Yo hubiera preferido que Iago celebrase el gol sin esa mirada impertinente. Me va en el alma de rugbier. Pero comprendo el embeleso que produce su silencio enfrentado al griterío de los Blues. Es una imagen de inmediato icónica en los relatos del derbi como lo son los insultos y manoseos entre Mostovoi y Djalminha. Hoy sonreímos al recordar una riña en realidad bastante bochornosa. Cada acto envejece y se transforma en la memoria. La discusión se diluye. La celebración de Iago permanece, congelada en ámbar. Y en breve ya no herirá a sus ofendidos, como ya no soliviantan los cuernos de Paco Vázquez y ya no indigna la patada de Vagner, remedada por Emre. No tanto al menos. Son trozos de historia, su folclore.

El pecado, en caso de existir, fue más bien venial. Iago no pidió silencio, como Raúl en el Camp Nou, ni reclamó tranquilidad, como Cristiano. Desde luego no insultó, como Riki. Sujetarse el escudo con el rostro impertérrito constituyó su único alegato. Comprendo el enfado en caliente de Lux. Y que el debate se exagere. Camufla cuestiones más sensibles, como que el Deportivo dejase respirar a un Celta exhausto. Sucede siempre en el entorno del derrotado, también aquí: se agranda lo ajeno, un gesto o una decisión arbitral, para aliviarse de lo principal, que es lo propio. Luego está Juanfran, que calcula y parasita lo sucedido para seducir a su clientela. No se disfraza siquiera de matón, sino de una cosa tibia, intermedia, que se engalla a la vez que retrocede: "Pena no poder hacer lo que merecía la situación". ¿Qué y a quién?

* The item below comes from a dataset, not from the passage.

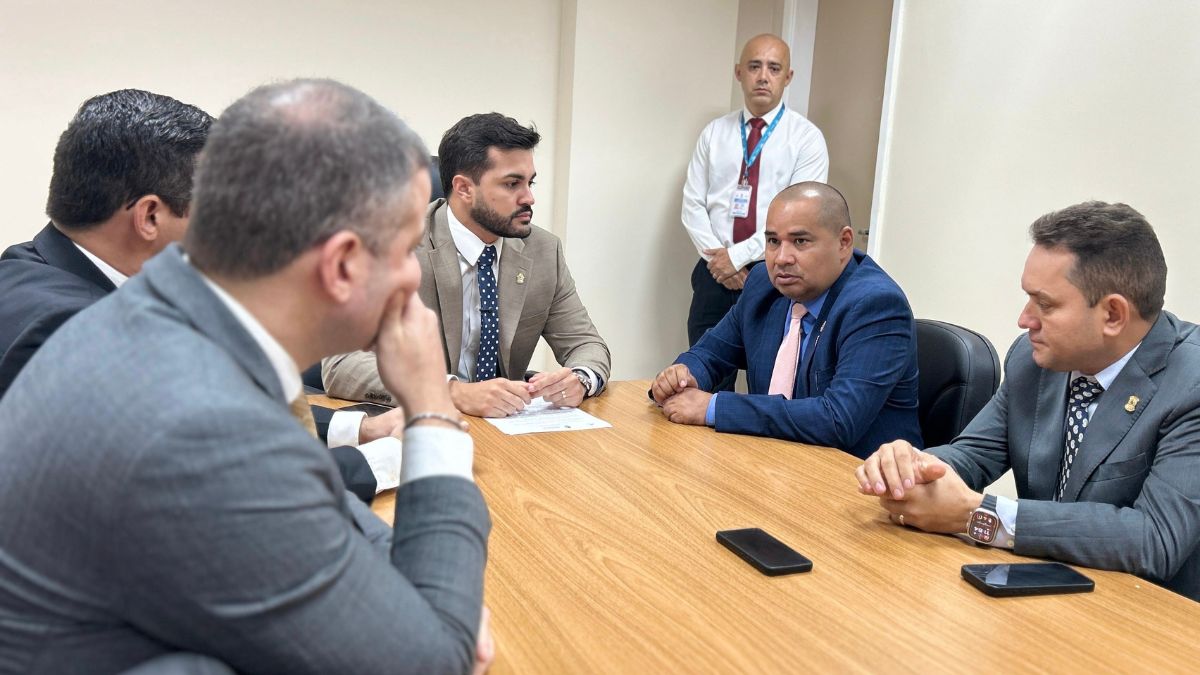 Sérgio Baré integra Frente Parlamentar em Defesa da BR-319 na CMM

Me gustaría un derbi fraternal. Porque sería el resultado de una sociedad gallega armónica. Nuestro fútbol refleja un país desestructurado, de ciudades y administraciones enfrentadas, donde cada vecino es enemigo. El derbi nos contiene. No se le puede pedir lo que aún no somos. La frontera que no se debe cruzar está clara: el puñetazo, la pedrada, el cristal roto, la carga policial. Esos tiempos jamás deben volver. Hay quien acusa a Iago de provocar con su festejo. "Si a uno lo odian en algún sitio es por algo", argumenta Arribas. Iago se equivocó en ciertas declaraciones cuando era más crío. Eso no justifica el "hijo de puta" constante, el "muérete". Hay quien le canta al puñal que mató a Quinocho o a la silla en la que habita Alvelo. Ahí se cruza otra frontera. El celtismo tiene sus propios coros a desterrar. Siempre es mejor el humor, recomendarle a Iago que se saque la ESO o cantarle al Deportivo Alavés.

Lo cierto es que en el fútbol se ama y se odia. Los grandes jugadores saben alimentarse de las dos emociones. Es en este sentido que Iago Aspas ha alcanzado la madurez. Antes necesitaba nutrirse de la devoción, que en Liverpool y Sevilla le faltó. Aspas ha crecido gracias a esa experiencia. Volvió mejor habiendo jugado menos. Ha aprendido a gestionar esa pasión que le generaba histeria cuando pisaba Riazor. Después de celebrar el gol, ya pausado, esperando el saque de centro, Iago levanta la mirada y paladea el enfado de la grada hacia él. Es apenas un instante, pero se le nota el disfrute. David Suárez, de Diesemm, la empresa que organizaba la liga indoor para veteranos, cuenta que le pidió perdón a Fran después de que As Travesas, en un Celta-Dépor, tronase "Fran es Forrest Gump". "¿Perdón? Si me ha encantado. Hoy he vuelto a sentirme futbolista", le respondió.